Что касается мотивации отказов в передаче дел в президиум, то согласно нашему кодексу отказ о передаче дела в президиум должен быть мотивирован. И, на мой взгляд, мотивирован больше, чем ссылкой на то, что на основании статьи 304 в данном деле оснований для пересмотра не усматривается. Сторонам нужно объяснить, почему им отказывают, и такая мотивировка должна быть. Последнее время степень мотивированности отказов в передаче дела в президиум возрастает. Сейчас уже 30-40 процентов подобных отказов достаточно мотивируется. Но надо понимать, что отказы никогда не будут мотивированы так же подробно, как мы мотивируем постановление президиума, на 8, а то и на 15 страницах. Для того чтобы одинаково подробно мотивировать и постановления президиума, и отказы в передаче дела в президиум на 20 тысяч обращений в год, нужно иметь 1000 судей, а то и более. У нас их нет, равно как и нет никакой потребности в таком колоссальном суде.
- Планирует ли Высший арбитражный суд подготовить разъяснение по поводу объемов и качества мотивировки отказных определений?
- Существуют разногласия по поводу объема мотивировки отказного определения, пока мы работаем над тем, чтобы прийти к общей позиции.
- А как вы лично считаете?
- Моя личная позиция такова: отказные определения должны быть мотивированы. Должна быть проанализирована правовая позиция, которую нижестоящие суды положили в основу своего решения, так как фактические обстоятельства дела мы не можем исследовать. Только тогда, когда мы начнем объяснять нашу позицию, все участники рынка, адвокаты, пресса будут понимать, чем мы руководствовались, принимая то или иное решение.
- Есть ли шанс, что эти разъяснения все-таки появятся?
- Мы к этому движемся. Сейчас мы публикуем отказные определения и, на мой взгляд, степень их мотивированности повысилась. Сегодня многие наши судьи, которые были противниками мотивированных отказных определений, приходят к пониманию необходимости объяснения причин отказа в передаче дела в президиум.
- Вы говорили о том, что, вероятнее всего, в 2009 году будет приниматься ряд довольно важных постановлений пленума ВАС в сфере, касающейся корпоративных отношений. О чем конкретно идет речь?
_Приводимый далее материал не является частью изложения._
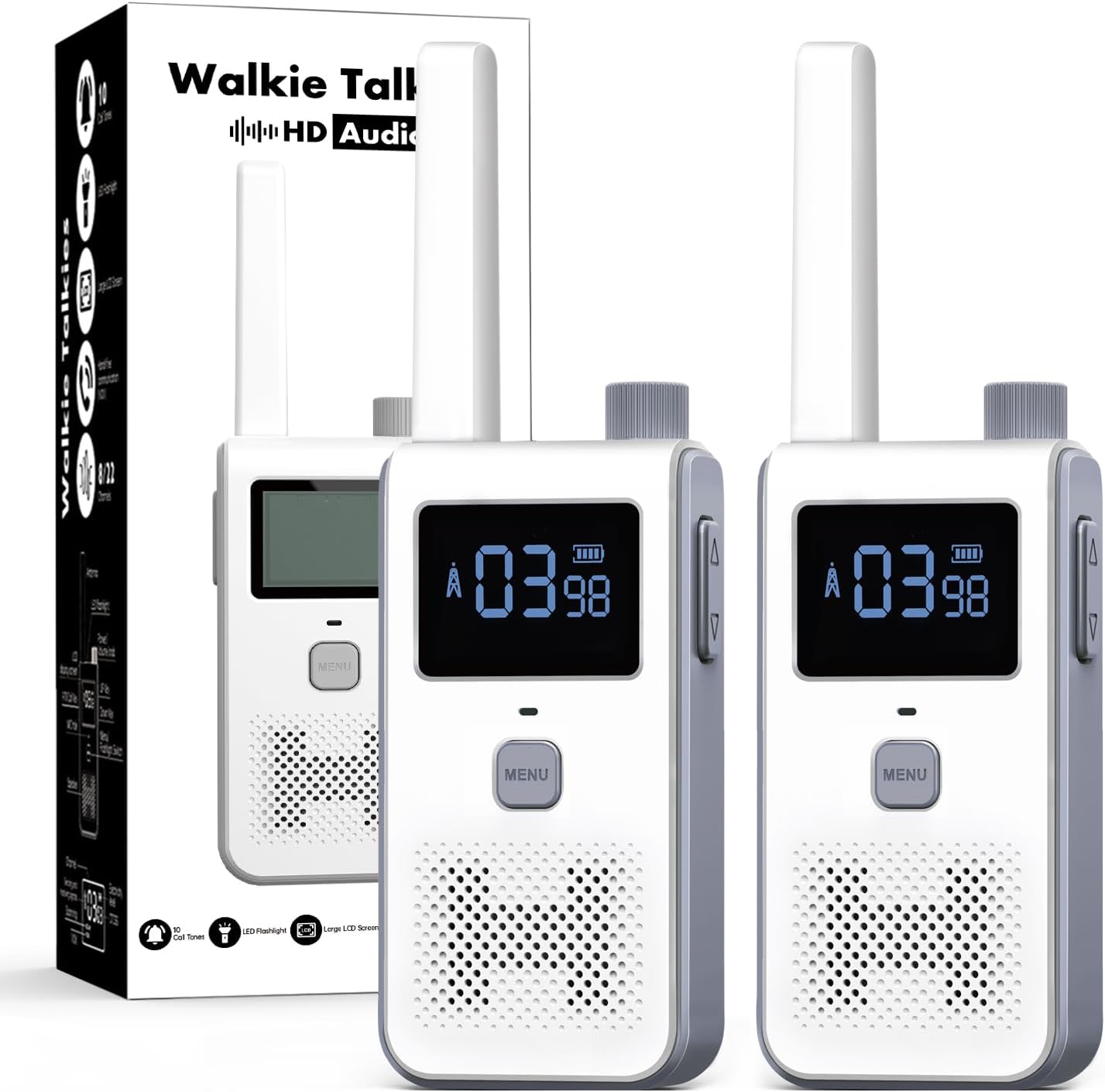 Walkie Talkies, HAKPNEW Two Way Radio Long Range with 8 Channels, 2 Pack Long Ra...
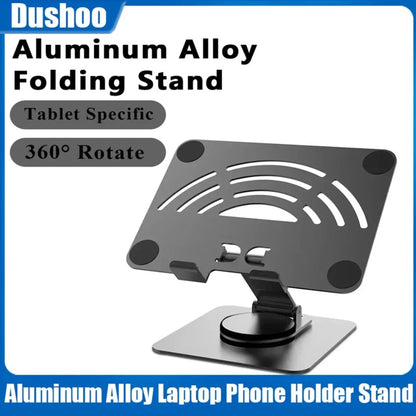 Aluminum 360° Rotation Portable Desktop Foldable Laptop Tablet Holder Bracket For iPad Macbook RedmiBook Galaxy Tab Book Laptop* - AMULET RING STORE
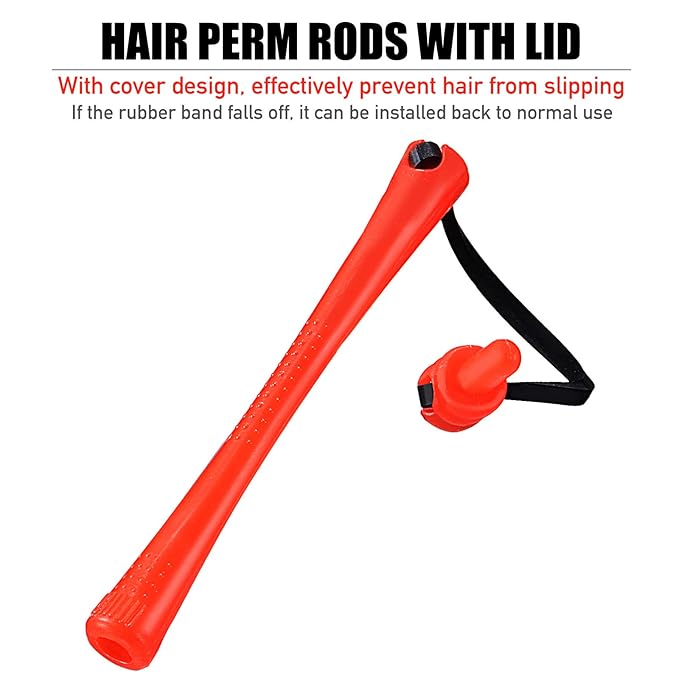 WILLBOND 84 Pieces Hair Perm Rods Hair Curling Rollers Perming Curlers Rods Cold Wave Rollers for Hairdressing Styling Tools(0.2 Inch,Red)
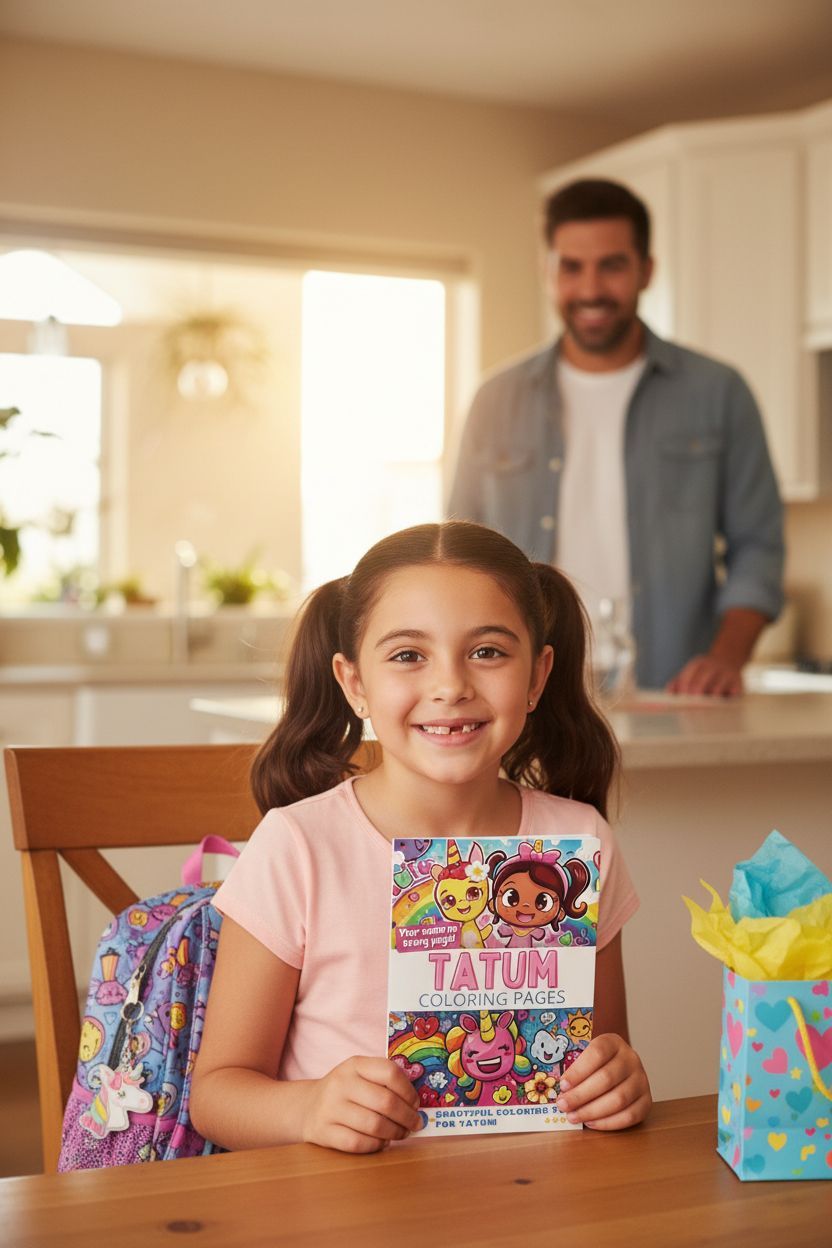 Tatum coloring book in use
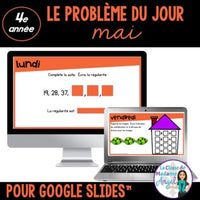 French Digital Math Problem of the Day for Google Classroom™ Grade 4 (May)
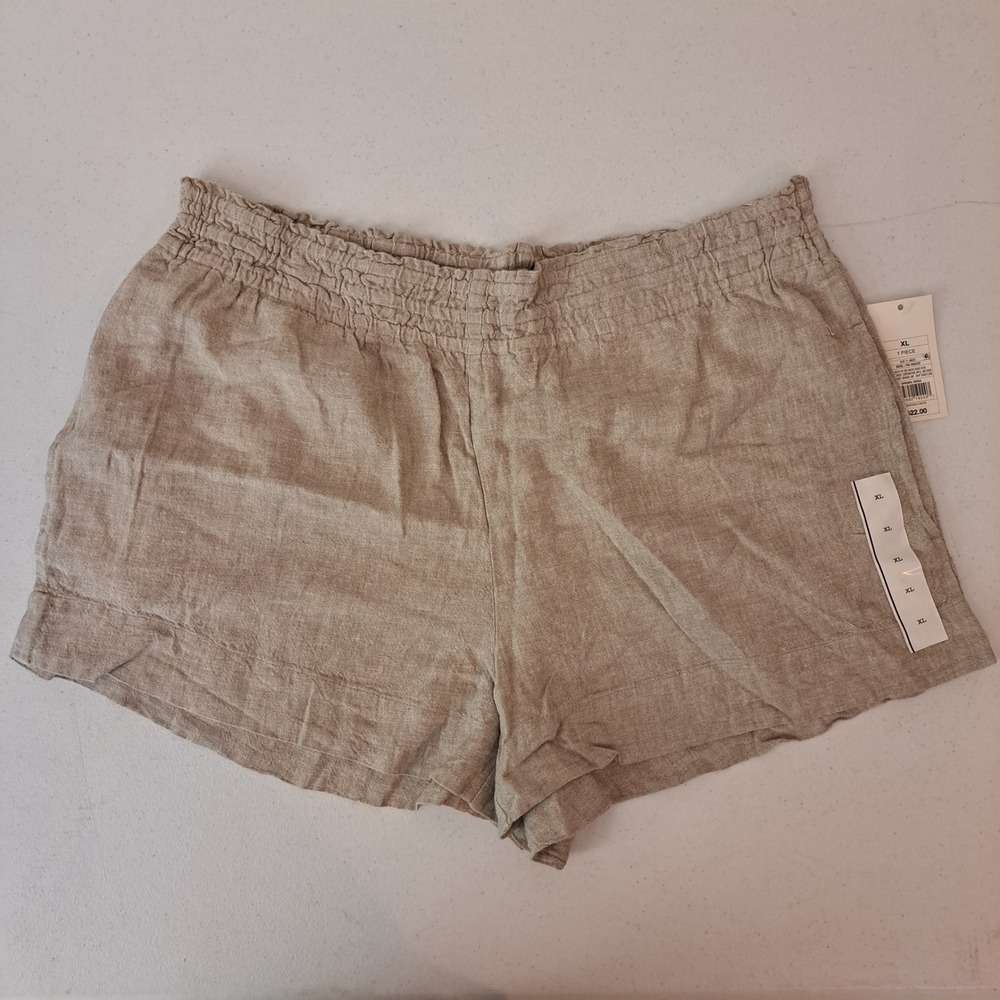 Women's Linen Pull-On Shorts - A New Day Beige XL 1026-176-B45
- Сейчас Госдума рассматривает законопроект, связанный с изменением процедуры рассмотрения корпоративных споров. Этот законопроект предполагает внесение весьма серьезных изменений в Арбитражный процессуальный кодекс. В частности, изменение практики ведения дел, создание единой подсудности по корпоративным спорам, изменения в отношении реестродержателей. Я думаю, что принятие данного законопроекта повлечет за собой подготовку соответствующих постановлений пленума.